■ **WORK ITEM**
Omit the images, then repeat the listing exactly.

■ **GIVEN INFORMATION**
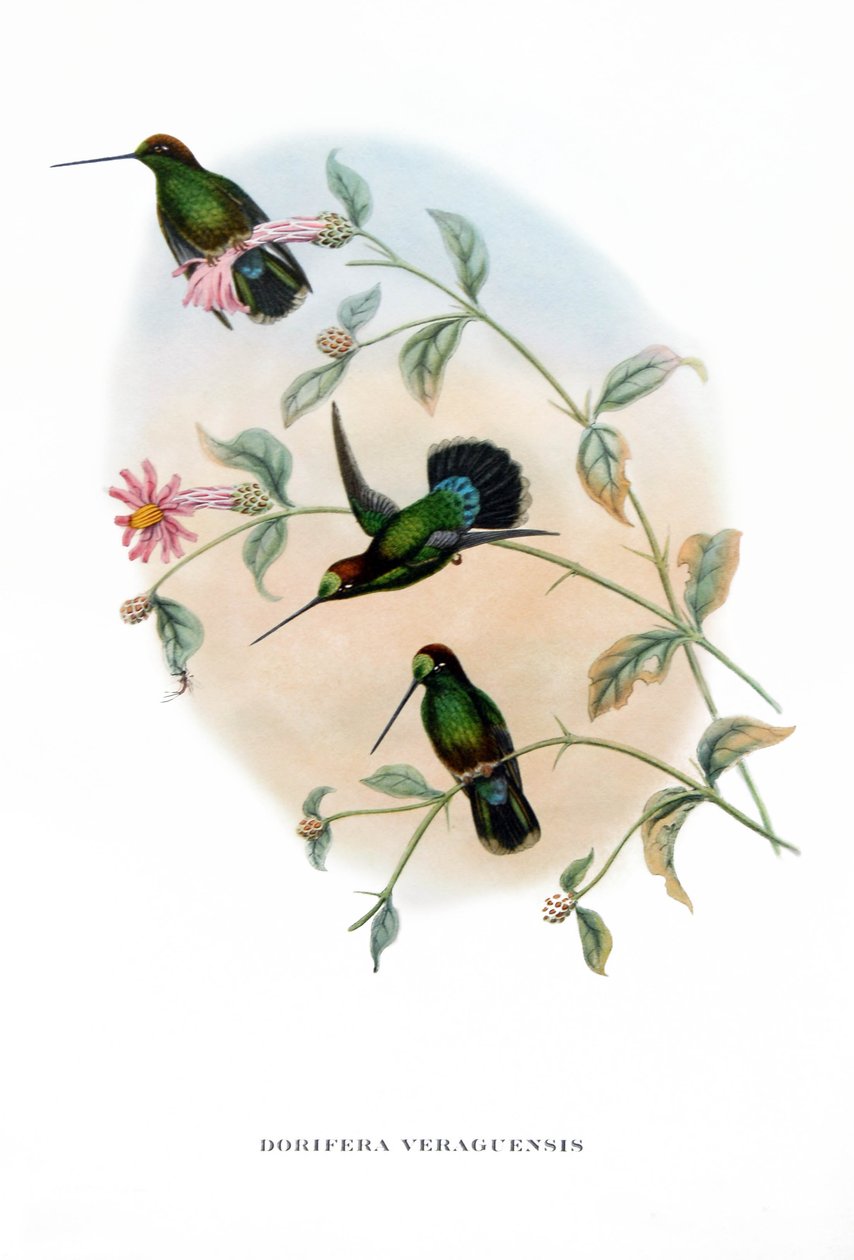 Humming Bird - Veruguan Lance-Bill, fugle fra Costa Rica , kobberstik fra bog af John Gould (1804-1881) "Tropical Birds" af John Gould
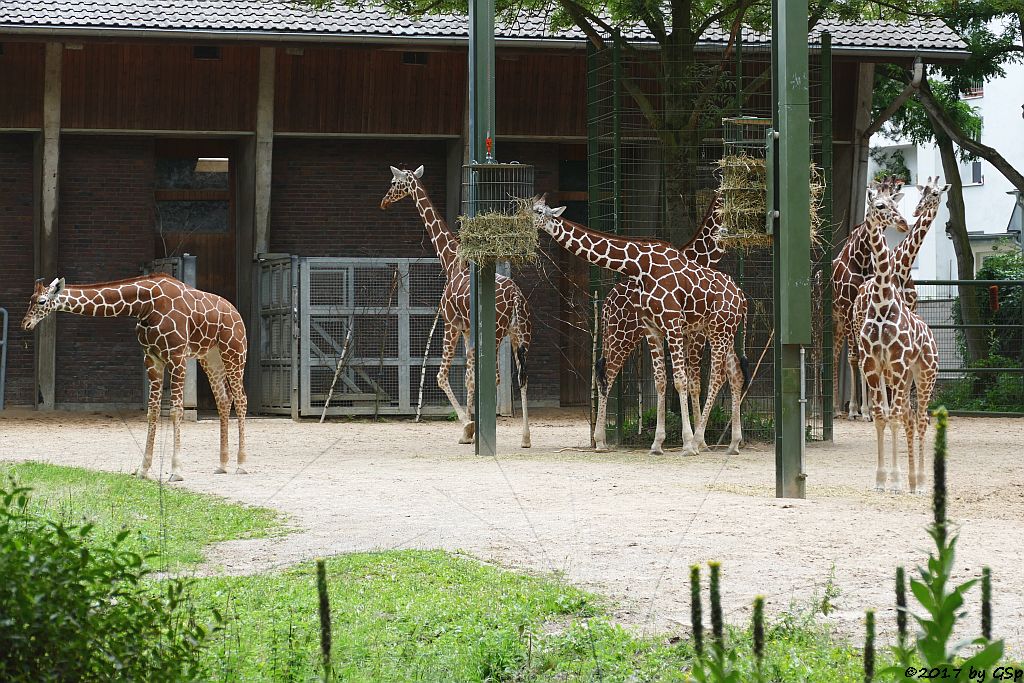 Netzgiraffe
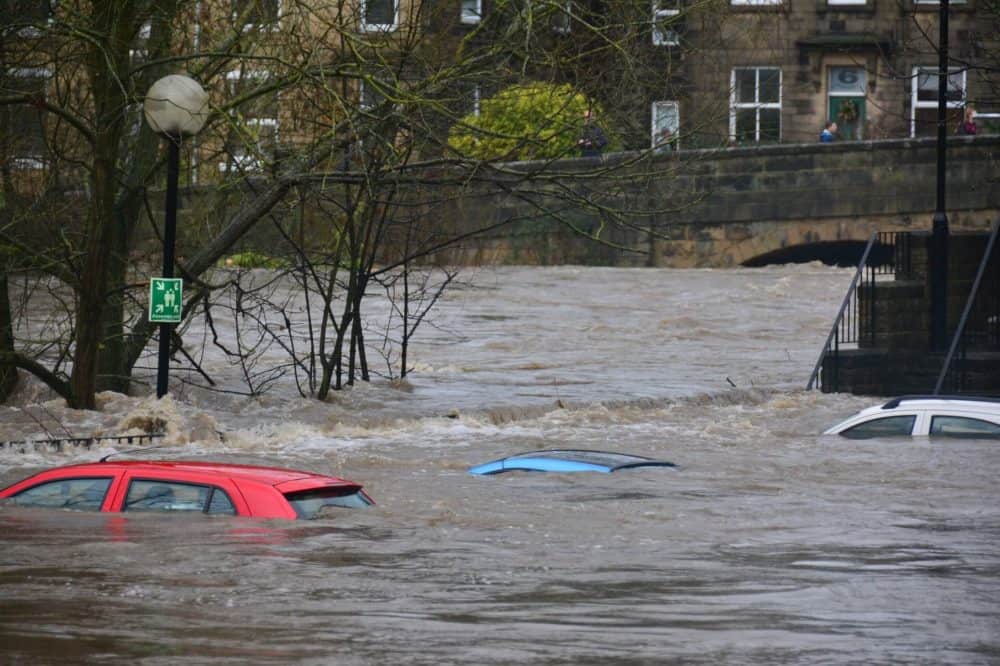 flood damage expert testimony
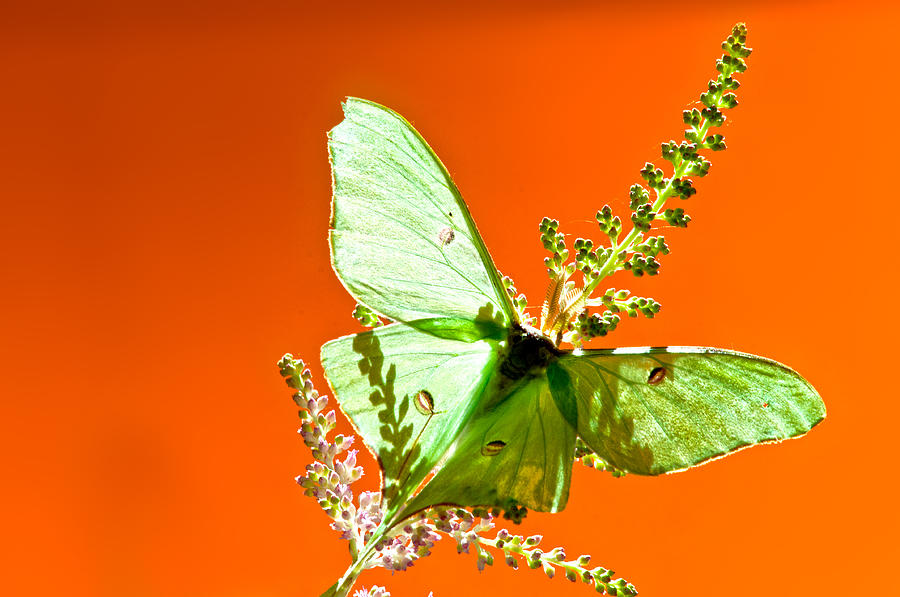 Luna Moth on Astilby orange back Ground Photograph by Randall Branham ...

■ **ANSWER TO THIS TASK**
 Humming Bird - Veruguan Lance-Bill, fugle fra Costa Rica , kobberstik fra bog af John Gould (1804-1881) "Tropical Birds" af John Gould
 Netzgiraffe
 flood damage expert testimony
 Luna Moth on Astilby orange back Ground Photograph by Randall Branham ...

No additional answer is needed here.